CREATE TABLE IndexWord (
  word TEXT PRIMARY KEY
);

CREATE TABLE Posting (
  word TEXT NOT NULL,
  documentName TEXT NOT NULL,
  frequency INTEGER NOT NULL,
  indexes TEXT NOT NULL,
  PRIMARY KEY(word, documentName),
  FOREIGN KEY (word) REFERENCES IndexWord(word)
);

The table IndexWord must contain a list of all words that are indexed by your system. Related table Posting contains frequencies and offset indexes for a word in a specific document. Let’s say that a word davek appears three times at indexes 2, 34 and 894 in a document evem.gov.si/evem.gov.si.4.html. A record in a Posting table would look like the following: (‘davek’, ‘evem.gov.si/evem.gov.si.4.html’, 3, ‘2,34,894’).

3.2.2 Data retrieval

The data retrieval part of your software should use the index built in the part above and return search results for a given query.

For a multi-word query, the algorithm must merge the results by document and return results descending by the sum of frequencies. The search should just check for indexed words that exactly match words from a query.

The output of search results must contain also snippets around the indexed words (neighbourhood of three words wrapped with three dots) as in the following example (/implementation-indexing/run-sqlite-search.py “Sistem SPOT”):

Results for a query: "Sistem SPOT"

  Results found in 4ms.

  Frequencies Document                                  Snippet
  ----------- ----------------------------------------- -----------------------------------------------------------
  4           evem.gov.si/evem.gov.si.666.html          Sistem SPOT je eden boljši ... dosedanje delovanje SPOT ni zadovoljivo za ... je bila zaključena. Sistem ni deloval dobro ...
  1           e-uprava.gov.si/e-uprava.gov.si.42.html   ... ministrstvo je nadgradilo sistem za učinkovitejšo uporabo.

In the report include the results for the following queries:

“predelovalne dejavnosti”
“trgovina”
“social services”
Define additional three queries consisting of 1-5 words that have at least one result.
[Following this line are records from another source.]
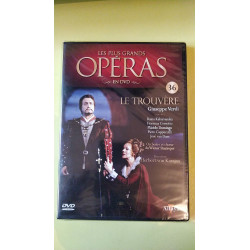 DVD - les plus grands opéras 36- le Trouvère- Giuseppe (Neuf Sous...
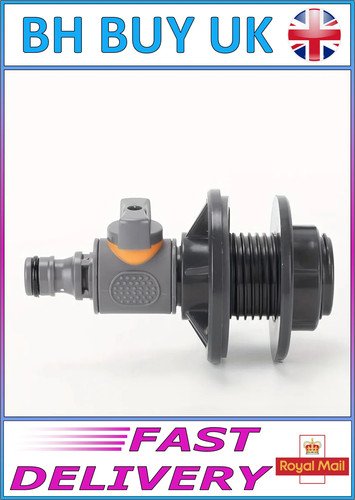 Pvc ibc water barrel tap - tap, and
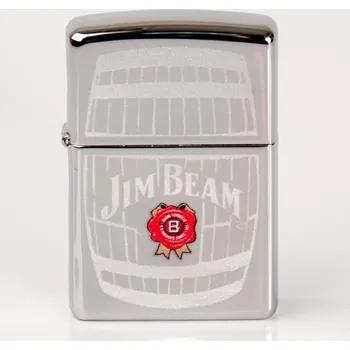 Zapalovač Zippo chrom poliert color Jim Beam 2003472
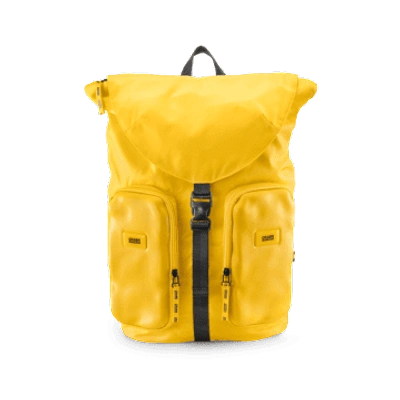 Shop Crashbaggage Crash Not Crash Rucksack Yellow Crash Baggage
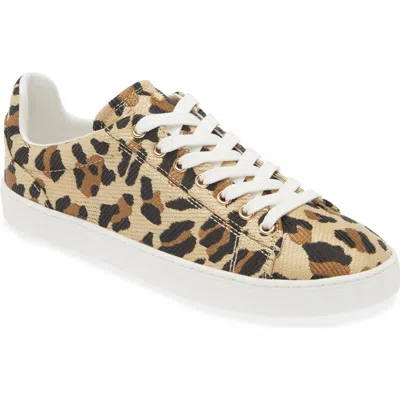 Stuart Weitzman Livvy Sneaker In Tan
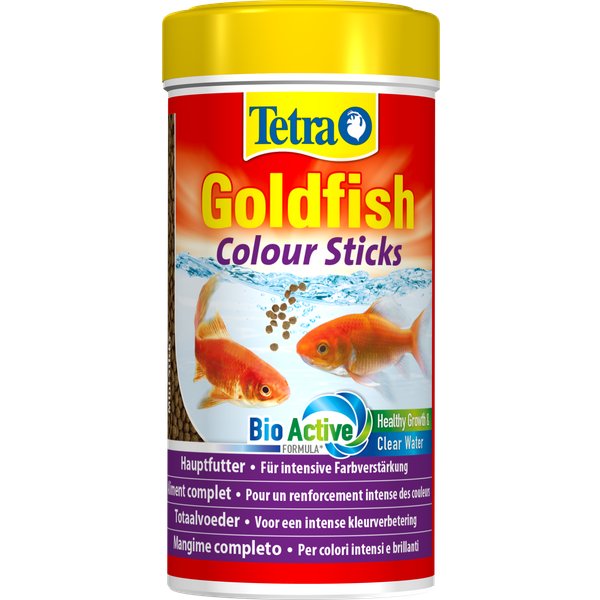 Afbeelding Tetra AniMin bijvoer goudviskleur 250 ml door Petsplace.nl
Searching using the SQLite database should be quite fast (in our toy scenario).

To get a feeling of a speed-up in search using an inverted index, implement searching without the SQLite database. Instead of using the database, your algorithm should sequentially open each file, process it and merge the results. The parsing and preprocessing part must be the same as in searching with the SQLite database. Use the same search queries with this naive approach and compare the query execution times to inverted index implementation /implementation-indexing/run-basic-search.py SEARCH_PARAM.
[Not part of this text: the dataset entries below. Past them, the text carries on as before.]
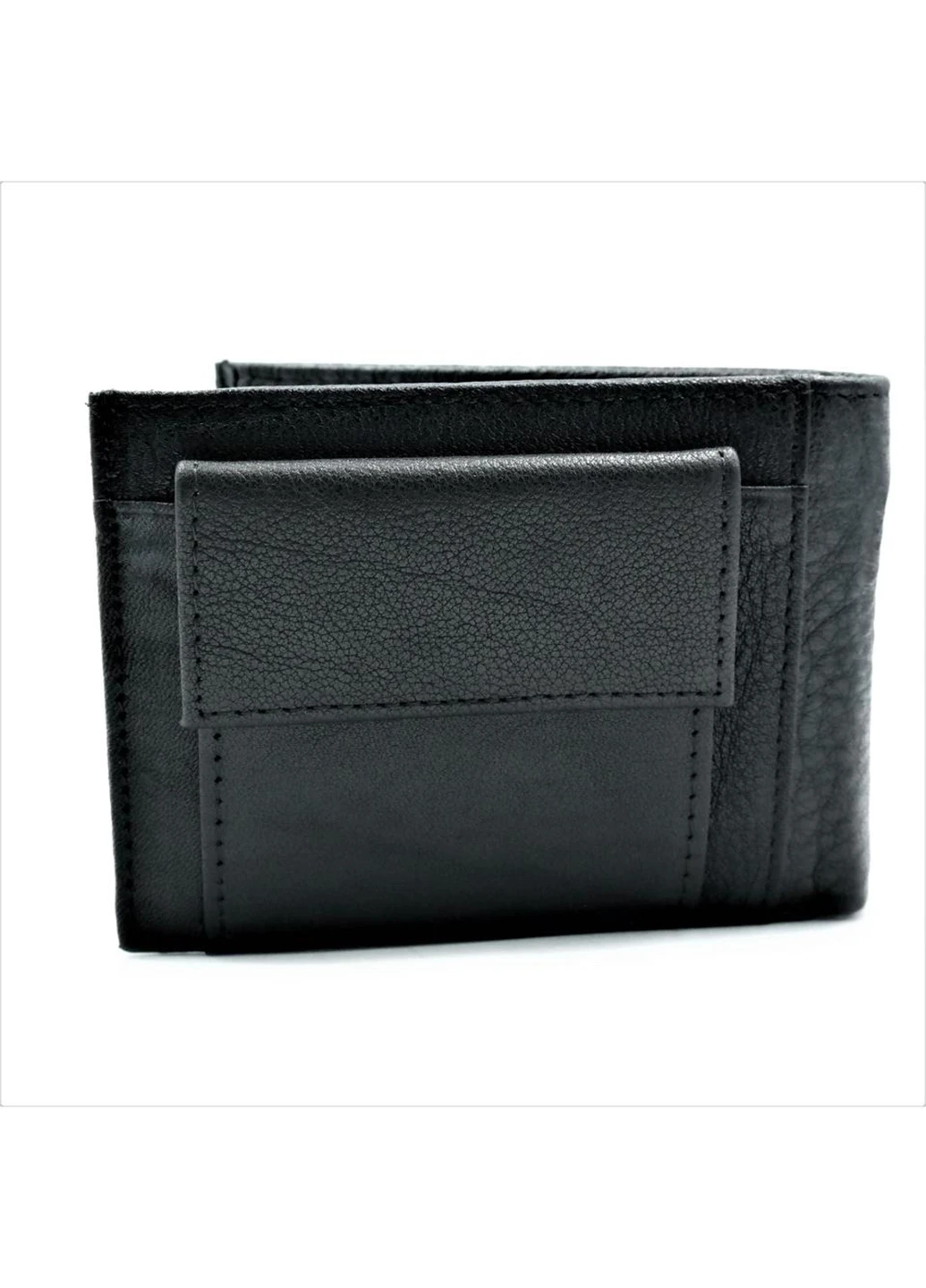 Мужской кожаный кошелек зажим 11х8х3 см H.T.Leather (255709249)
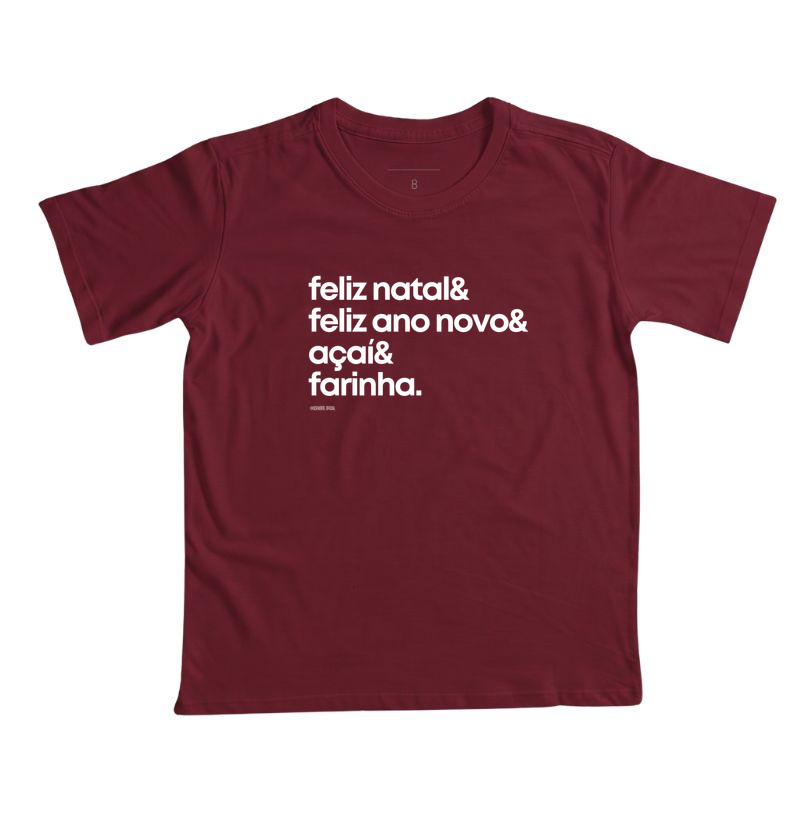feliz natal & feliz ano novo & açaí & farinha. - Imagem 5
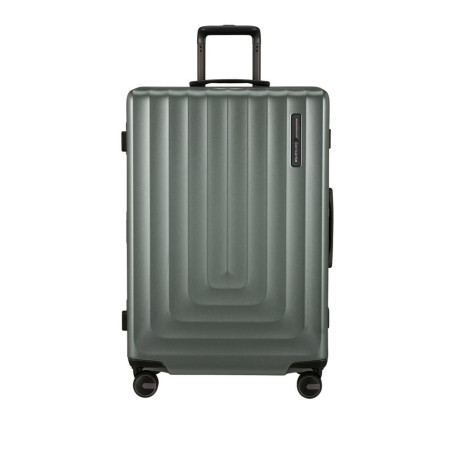 Trolley rigido grande 75cm 4 ruote Samsonite Focus Matt Sage Khaki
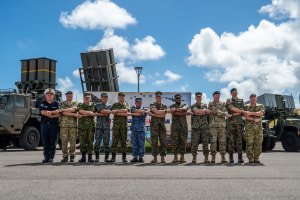Australia participates in Exercise Keen Sword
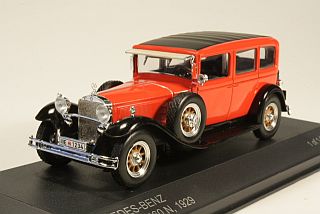 Mercedes Typ 460N Nurburg 1928, red/black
During the lab session we will present how to use SQLite database in Python for those who have not yet used it in practice:

Jupyter notebook tutorial SQLite database that introduces the basic usage of SQLite to start working on the assignment.
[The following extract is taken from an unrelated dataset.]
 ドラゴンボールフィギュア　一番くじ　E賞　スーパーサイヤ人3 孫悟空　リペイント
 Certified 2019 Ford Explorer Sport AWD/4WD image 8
3.3 What to include in the report

The report should follow the standard structure.

In the report include the following:

All the specifics and decisions you made based on the instructions above and the description of the implementation. Separately describe (A) data processing with indexing, (B) data retrieval with inverted index and (C) data retrieval without inverted index.
- Instead of (B) you can alternatively use an existing search-engine/indexing tool. Some examples of such are Apache Solr, Elasticsearch, typesense, MongoDB Full Text Search, Apache Lucene, …
Describe the database (number of indexed words, words and documents with the highest frequencies, …).
Describe and comment on the results of the test queries.

3.4 What to submit

Push your work into the same repository as you used for the first assignment. Structure of the repository must comply with the following structure:

a file /implementation-indexing/inverted-index.db - SQLite database file, generated by your indexing part.
a file /implementation-indexing/report-indexing.pdf - PDF report.
a file README.md - Short description of the project and instructions to install, set up and run the indexing and data retrieval (keep instructions for previous assignments).
a folder /implementation-indexing - Implementation of the methods along with run-sqlite-search.py and run-basic-search.py. CAUTION: Use relative paths so that anyone can run your scripts. Also, all the dependencies and instructions to run this part must be clearly described in README.md.